Hermione's POV

Everything was quiet when I got home. I went through the house, but Draco hadn't been anywhere in sight. I went into the library and shrunk and moved my desk into my bedroom, along with it's contents, and the pensieve. I next went back into the library, moving the shelves around to create enough space for a bed. I even went as far as, shrinking some of them and moving them downstairs into my living room.

When all of my cleaning, and rearranging was done, I went downstairs and finished putting all of the groceries away, only leaving out what I was going to need for dinner tonight. I had been out longer than I expected, and I didn't expect Draco to be too much longer.

When I had finished dinner, and it had been sitting at the table for two hours, I got restless. I knew Draco should have been back by now, and didn't understand why he hadn't been. I felt like an idiot. I sat up, casting a charm on the food to reheat it, and keep it warm for when Draco got home, and went upstairs. It seemed that with all the stress of moving things around and cleaning, I had forgot my desk had been in my room again. Compelled, I moved forward, opening the drawer. The dagger caught my eyes, and I was filled with so much pain at the thought of Draco doing what Ron did, that I reached down and took it out of the drawer.

Draco's POV

When I got home, it was much later than I meant to. It took me forever to find a furniture store, and then decided what kind of bed I wanted. I still never found it, but I settled with something. Then I had to figure out how to explain to the guy where Hermione lived, I eventually just shrunk everything, obliviated the guy, and apparated to the front door.

Everything was quiet, but there was warm food on the table. She wasn't there. It didn't look like Hermione had even touched any of it. I really didn't like the looks of any of this. I know how sensitive that she could be, and I know I shouldn't have stayed out so long. But honestly? What could I have done? I made my way to the library, thinking that maybe she just got lost in a book when I hadn't made it home yet, but things had been rearranged. The desk was no longer in the room. That made my heart drop. I rushed across the hall and into her room, and what I saw disturbed me deeply, and broke my heart in two.
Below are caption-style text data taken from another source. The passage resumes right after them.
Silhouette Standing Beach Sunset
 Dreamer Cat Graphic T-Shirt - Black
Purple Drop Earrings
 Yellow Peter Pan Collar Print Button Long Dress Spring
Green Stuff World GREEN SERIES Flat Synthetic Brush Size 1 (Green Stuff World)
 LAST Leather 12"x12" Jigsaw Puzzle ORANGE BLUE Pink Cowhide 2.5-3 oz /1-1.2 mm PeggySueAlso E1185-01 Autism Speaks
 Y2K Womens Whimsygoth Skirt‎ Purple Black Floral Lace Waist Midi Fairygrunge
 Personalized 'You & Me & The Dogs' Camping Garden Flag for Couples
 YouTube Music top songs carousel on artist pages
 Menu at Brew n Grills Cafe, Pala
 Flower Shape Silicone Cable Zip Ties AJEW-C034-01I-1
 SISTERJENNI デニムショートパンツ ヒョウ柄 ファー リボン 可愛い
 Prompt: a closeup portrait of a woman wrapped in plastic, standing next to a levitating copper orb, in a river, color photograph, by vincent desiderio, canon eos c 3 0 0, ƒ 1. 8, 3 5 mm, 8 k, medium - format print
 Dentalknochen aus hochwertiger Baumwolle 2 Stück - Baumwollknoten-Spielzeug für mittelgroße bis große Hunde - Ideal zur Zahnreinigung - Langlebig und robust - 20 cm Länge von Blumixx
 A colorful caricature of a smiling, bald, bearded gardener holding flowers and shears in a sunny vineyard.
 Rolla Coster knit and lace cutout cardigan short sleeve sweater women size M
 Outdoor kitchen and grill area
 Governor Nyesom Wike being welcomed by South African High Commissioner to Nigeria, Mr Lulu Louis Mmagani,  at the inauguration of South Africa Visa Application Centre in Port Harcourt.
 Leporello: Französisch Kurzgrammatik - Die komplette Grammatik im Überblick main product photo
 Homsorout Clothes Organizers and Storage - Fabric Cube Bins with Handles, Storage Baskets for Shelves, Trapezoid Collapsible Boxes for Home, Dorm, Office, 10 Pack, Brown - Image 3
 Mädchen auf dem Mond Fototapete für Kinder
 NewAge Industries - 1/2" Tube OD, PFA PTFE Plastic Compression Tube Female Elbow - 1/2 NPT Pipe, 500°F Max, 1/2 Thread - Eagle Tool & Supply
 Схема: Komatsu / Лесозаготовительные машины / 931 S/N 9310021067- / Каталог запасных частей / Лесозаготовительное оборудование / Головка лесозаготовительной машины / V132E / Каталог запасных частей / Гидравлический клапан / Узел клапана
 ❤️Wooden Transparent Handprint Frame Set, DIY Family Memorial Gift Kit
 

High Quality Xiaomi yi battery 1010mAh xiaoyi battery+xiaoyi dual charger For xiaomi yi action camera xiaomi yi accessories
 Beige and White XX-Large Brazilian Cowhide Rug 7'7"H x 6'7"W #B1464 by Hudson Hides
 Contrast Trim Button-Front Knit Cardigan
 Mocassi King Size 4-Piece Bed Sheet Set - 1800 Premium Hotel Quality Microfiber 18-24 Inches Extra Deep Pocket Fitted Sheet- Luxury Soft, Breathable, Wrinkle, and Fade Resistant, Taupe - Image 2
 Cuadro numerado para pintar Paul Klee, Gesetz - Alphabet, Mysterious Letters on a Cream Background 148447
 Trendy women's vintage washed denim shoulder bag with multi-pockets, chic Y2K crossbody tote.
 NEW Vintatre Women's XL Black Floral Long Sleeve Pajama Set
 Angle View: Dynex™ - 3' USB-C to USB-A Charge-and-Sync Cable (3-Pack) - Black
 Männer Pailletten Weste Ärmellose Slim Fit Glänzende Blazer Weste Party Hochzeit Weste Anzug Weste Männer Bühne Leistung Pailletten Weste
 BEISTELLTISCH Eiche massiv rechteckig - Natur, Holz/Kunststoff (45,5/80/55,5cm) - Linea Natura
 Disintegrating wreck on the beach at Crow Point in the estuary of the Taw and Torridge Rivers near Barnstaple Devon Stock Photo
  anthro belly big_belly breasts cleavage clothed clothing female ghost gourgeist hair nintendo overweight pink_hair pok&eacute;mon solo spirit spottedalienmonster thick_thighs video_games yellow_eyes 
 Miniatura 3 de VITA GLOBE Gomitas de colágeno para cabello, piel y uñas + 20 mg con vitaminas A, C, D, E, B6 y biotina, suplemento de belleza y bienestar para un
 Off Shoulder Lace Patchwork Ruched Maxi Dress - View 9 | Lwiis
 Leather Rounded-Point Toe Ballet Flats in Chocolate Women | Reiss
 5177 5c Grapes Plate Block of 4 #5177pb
Hermione sat on the floor in front of her bed, she had been crying for a long time. A new word carved into her wrist. "hated" was all it said. I dropped to my knees in front of her crying and bleeding form. She hadn't even noticed me yet, her pain drowning out her senses. All of her scars had been carved into. All of the words reopened. I took the knife from her hands, and lifted her into my arms and apparated her away, to St. Mungo's.

I stayed by her side the whole time, never leaving unless it was to relieve slight discomforts. It was a whole 24 hours before she stirred and woke up. She blinked and turned to look at me leaning my head against what part of her hadn't been covered in bandages.

"Why would you do that to yourself, Hermione?" I begged.

"What did you see?" She asked me.

"I saw enough to know that I'm never leaving you on your own again. And you are never, ever getting a hold of that dagger again." Little did she know, I had sent it to Hogwarts, begging McGonnagall to have her Defense Against the Dark Arts professor check it over for what dark magic it held. "Hermione, if you kill yourself you won't be able to continue your dream to find a fix for long term cruciatus symptoms. You could have died tonight, Hermione. You could have left me, right after I found you again. Do you know what this has done to me? What would I have done if I didn't have you anymore?"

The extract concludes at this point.